A metamorphosis in architectural thought was beginning. Railroad architects at first worked from the mainstreams of American architecture. As the railroads pushed to develop these natural areas they hired creative geniuses like Robert Reamer and Mary Colter who were masters in making architectural spaces create the image and sense of place that, from the railroads' points of view, sold more passenger tickets to these exotic places. The architects became extremely creative in drawing influences from romantic, nostalgic styles and had the railroads' money to experiment in their work. Yet the strength of the natural landscape was having an overwhelming effect on the shape, form, and style of the architecture, as noted in the Sierra Club buildings constructed with donated funds. The concept that the land could shape the architecture was taking hold.

The New National Park Service. The legislation establishing the park service required both preservation and visitor use of the park lands, which of course meant buildings to support the administrative and visitor-use functions. Early directors Stephen T. Mather and Horace Albright also knew that higher visitation in these remote areas increased popular support for the parks. At the same time they recognized the effects of unbridled development in these scenic areas.
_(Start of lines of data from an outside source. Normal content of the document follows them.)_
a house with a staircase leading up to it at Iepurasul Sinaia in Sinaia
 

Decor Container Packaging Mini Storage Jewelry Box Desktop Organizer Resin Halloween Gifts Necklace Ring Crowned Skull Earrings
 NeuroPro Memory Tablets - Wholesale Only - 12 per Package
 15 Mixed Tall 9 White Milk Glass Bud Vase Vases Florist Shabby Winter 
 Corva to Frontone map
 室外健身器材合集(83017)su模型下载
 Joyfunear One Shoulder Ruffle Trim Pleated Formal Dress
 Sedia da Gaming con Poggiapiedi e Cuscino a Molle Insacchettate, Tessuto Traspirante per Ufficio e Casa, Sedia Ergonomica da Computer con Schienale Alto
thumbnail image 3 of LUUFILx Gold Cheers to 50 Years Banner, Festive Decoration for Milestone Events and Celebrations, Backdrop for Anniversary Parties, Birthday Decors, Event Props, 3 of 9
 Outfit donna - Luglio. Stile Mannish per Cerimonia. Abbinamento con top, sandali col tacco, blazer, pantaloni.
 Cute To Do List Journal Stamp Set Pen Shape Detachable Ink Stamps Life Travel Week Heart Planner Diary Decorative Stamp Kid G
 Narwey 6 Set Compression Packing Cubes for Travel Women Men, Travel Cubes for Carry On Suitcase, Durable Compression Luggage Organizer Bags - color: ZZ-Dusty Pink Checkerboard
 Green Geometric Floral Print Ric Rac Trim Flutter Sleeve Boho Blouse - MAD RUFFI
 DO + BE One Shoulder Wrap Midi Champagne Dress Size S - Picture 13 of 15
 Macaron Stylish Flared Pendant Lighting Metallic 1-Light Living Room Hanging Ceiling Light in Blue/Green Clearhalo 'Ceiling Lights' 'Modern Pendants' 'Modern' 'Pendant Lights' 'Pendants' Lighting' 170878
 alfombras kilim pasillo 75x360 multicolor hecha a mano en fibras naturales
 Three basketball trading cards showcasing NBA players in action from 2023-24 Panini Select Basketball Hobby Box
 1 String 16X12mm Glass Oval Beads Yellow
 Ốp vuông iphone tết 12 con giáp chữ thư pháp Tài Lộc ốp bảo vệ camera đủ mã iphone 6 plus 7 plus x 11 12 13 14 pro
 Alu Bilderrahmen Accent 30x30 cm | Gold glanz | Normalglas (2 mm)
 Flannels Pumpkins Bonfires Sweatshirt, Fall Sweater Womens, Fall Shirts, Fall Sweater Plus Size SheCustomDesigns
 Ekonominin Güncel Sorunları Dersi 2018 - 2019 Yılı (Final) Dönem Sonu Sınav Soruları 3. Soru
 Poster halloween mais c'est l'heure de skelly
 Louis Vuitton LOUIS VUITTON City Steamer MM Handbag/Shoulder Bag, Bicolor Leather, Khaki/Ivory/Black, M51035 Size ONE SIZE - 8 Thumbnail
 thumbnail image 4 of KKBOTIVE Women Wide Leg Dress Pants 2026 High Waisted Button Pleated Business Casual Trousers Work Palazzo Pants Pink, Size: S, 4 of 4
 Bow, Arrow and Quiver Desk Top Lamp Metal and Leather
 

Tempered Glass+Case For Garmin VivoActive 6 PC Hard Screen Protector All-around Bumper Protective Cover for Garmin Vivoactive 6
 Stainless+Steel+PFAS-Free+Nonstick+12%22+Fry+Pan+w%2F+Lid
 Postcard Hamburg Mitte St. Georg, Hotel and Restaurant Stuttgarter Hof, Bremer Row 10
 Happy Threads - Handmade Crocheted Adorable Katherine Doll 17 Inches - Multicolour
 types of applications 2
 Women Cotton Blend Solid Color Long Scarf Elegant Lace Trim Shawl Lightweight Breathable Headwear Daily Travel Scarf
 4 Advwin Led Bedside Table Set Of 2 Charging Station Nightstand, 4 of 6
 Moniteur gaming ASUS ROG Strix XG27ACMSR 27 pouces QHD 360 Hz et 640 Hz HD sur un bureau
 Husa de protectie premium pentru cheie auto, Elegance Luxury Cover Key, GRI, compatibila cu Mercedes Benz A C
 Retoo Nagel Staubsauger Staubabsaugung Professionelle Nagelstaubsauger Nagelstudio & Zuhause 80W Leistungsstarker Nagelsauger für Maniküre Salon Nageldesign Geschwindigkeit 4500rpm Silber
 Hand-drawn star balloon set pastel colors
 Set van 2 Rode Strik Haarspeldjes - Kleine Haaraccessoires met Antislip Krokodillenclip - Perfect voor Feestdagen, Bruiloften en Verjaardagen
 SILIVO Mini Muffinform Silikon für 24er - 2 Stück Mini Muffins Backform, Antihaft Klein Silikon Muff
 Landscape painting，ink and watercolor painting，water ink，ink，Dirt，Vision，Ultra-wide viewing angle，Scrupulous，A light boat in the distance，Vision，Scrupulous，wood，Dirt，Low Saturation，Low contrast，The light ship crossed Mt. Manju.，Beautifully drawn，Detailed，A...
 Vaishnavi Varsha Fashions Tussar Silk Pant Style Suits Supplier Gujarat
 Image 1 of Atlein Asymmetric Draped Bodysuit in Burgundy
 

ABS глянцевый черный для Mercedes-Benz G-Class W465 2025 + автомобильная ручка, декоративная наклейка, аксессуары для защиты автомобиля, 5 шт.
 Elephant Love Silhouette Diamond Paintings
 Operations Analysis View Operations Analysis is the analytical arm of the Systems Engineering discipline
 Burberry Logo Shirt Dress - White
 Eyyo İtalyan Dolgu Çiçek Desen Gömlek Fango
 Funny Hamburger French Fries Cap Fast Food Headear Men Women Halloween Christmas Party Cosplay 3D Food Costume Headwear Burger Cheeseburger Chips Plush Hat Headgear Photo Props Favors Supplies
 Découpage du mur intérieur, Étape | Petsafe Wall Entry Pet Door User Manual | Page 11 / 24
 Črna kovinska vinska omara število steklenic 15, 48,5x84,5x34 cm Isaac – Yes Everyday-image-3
The difficult task for establishing some aesthetic guidelines for park architecture and development lay ahead.

Two organizations that had lobbied for the formation of a bureau of parks had strong effects on the physical development of park areas after the creation of the Service in 1916. These were the American Civic Association and the American Society of Landscape Architects. Due to their interest and strong concern for the aesthetics of the landscapes in these natural areas, the first "Statement of Policy" issued by the Service called for harmonizing improvements such as roads, trails, and buildings, with the landscape. The statement also called for the employment of trained "engineers who either possess a knowledge of landscape architecture or have a proper appreciation of the aesthetic value of park lands," and for the completion of comprehensive plans for development of park lands. This statement of policy laid the groundwork for all architectural design in national parks until World War II.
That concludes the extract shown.